テクノロジーにより聴取層は拡大し、彼らが消費社会に組み込まれることによって、これまで音楽の表舞台に出ることのなかった音楽大衆が、いわば音楽社会の担い手として浮上した。彼らが台頭したことで、十九世紀に一旦その価値を否定された表層的聴取がはからずも復権したのだった。このような表層的受容がなされるなかで、氾濫する諸音楽の価値の序列は失われ、それぞれの音楽はその、他と異なるという差異により、それぞれが同等の価値を帯びることとなった。カタログ文化が生じたのである。
グレン・グールドは、その異彩を放つ演奏のなにより他の誰とも違うという性格により、現代のカタログ文化における受容形態において、その消費価値を高めていた。また彼のコンサートを否定しレコードや放送などのメディアに傾倒していくさまは、彼をして現代のテクノロジーにより主導される音楽の時代の典型であるという印象を与えることとなった。さらには、彼がレコーディングの際に編集――例えば複数のテイクを継ぎ接ぐ等、というテクノロジーを縦横に駆使していることを公言したことや、レコードや放送メディアにより聴衆がただ音楽を拝するという立場から解放され、ひとりひとりが自分の好む演奏を各自の持つ編集装置によって作り出す時代がくるだろうという彼の主張は、グールドが音楽に対する即物的な関わり方、そして聴衆が自分勝手な聴き方を可能にしているという、現代的な音楽の在り方を表していると理解されてもきたのだった。

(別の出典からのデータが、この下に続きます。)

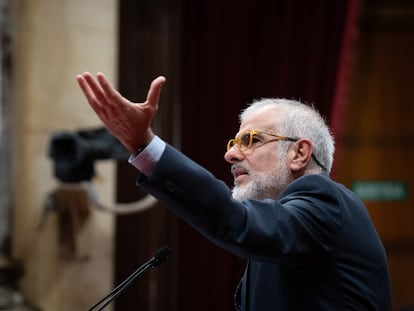 El presidente del grupo parlamentario de Ciutadans, Carlos Carrizosa, en un momento del Pleno de los presupuestos.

しかし、その理解は一面的なものにすぎない。グールドがその生涯を通じ見つめ続けていたものとは決してテクノロジーや編集などの、音楽に対する手段ではなく、音楽自体という、音楽の本質的な在り方、かたちであったのだ。グールドがテクノロジーを駆使し音楽を切り刻み継ぎ接いだのも、その音楽自体をなによりも重視した結果であり、テクノロジーが聴衆の在り方を変えるという主張も、人がその音楽自体を求める体験のなかで陶冶されることを期待してのことだった。
彼にとってなによりも大切だった音楽自体と、その音楽自体に出会うことのできる自律した個人を生み出すための手段としての孤独、それらを彼はあらゆるメディア――レコード、ラジオ、テレビそして著述によって表してきた。しかし、それらの手段を上回って彼の演奏が彼の思想を如実に表していた。彼の演奏が求める、音楽に根元的に向き合う体験。その音楽自体と出会う体験こそが彼のいうエクスタシー体験だったのである。